Tuesday, police officers in LA County fired on and killed a teenage father, Christopher Earl Glass, 17, after kidnapped and brutally stabbing his 5-month-old son and namesake, Christopher Earl Glass Jr., to death.
Prior to the slaying, an Amber alert was issued when Glass called the mother of his son, threatening to harm him. Unfortunately, by the time the authorities caught up with Glass, he had already successfully kidnapped the young boy. It was during the pursuit that officers observed Glass performing a stabbing motion in the car, which was later discovered to be the fatal blows.
Police gave chase until Glass crashed into a building at which point he fled on foot. Police officers continued pursuit until Glass broke into a home where they fired on and killed him. Unfortunately, they were unable to kill the [expletive deleted] before he fatally and purposefully injured the innocent child.
Reading this story on CNN’s Web site filled me with hate and rage. Was it simply moral outrage? I don’t know. Was it because I’m a new father, writing this piece not three feet away from my son’s crib, while he coos, gurgles and gasps that makes this story really hit home, leading me to feel bent with dark emotions and a lust to exact some type of revenge? I don’t know, but probably. O’Mara, Jackson, Batson and Gaertner (2011) would suggest the latter. In their latest article, they found evidence that suggest people are generally more motivated by personal anger and want of revenge than moral outrage per se.
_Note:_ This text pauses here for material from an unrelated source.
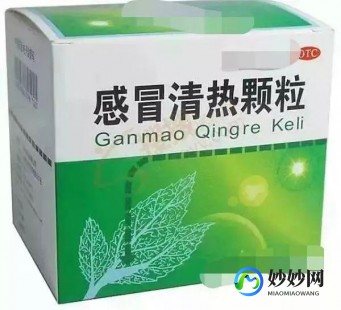 邪热,风寒湿燥暑热六邪表现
Now that I’ve had a chance to look over their work and reflect on the news of this brutal murder, for the most part, I agree with the authors, O’Mara and friends. But I’m not sure if we should distinguish want for revenge from moral outrage. What about righteous retribution? Isn’t it just revenge with a moral bend to it? I’m a bit of a moral relativist, but I know I feel strong social emotions when reading about these types of stories that might just key into my morality (i.e., it is bad to kill one’s kids therefore I get angry reading about it). I explicitly know that I’m glad Glass was killed, but I’m mad that it was the police that got to do it. And, as a quick aside, what an easy way for Glass to go—shot by professionals who know where to put a bullet. Nevertheless, if Justice were a force of nature, as in the Roman sense, that truly reflects the morality of revenge, then the family, the mother even, would have been able to exact revenge slowly, painfully and with less precession. If that were the case, then it would be hard to deny that our justice system reflects our vengeful, moral nature. Sadly it doesn’t. But, hopefully, in future cases, it will.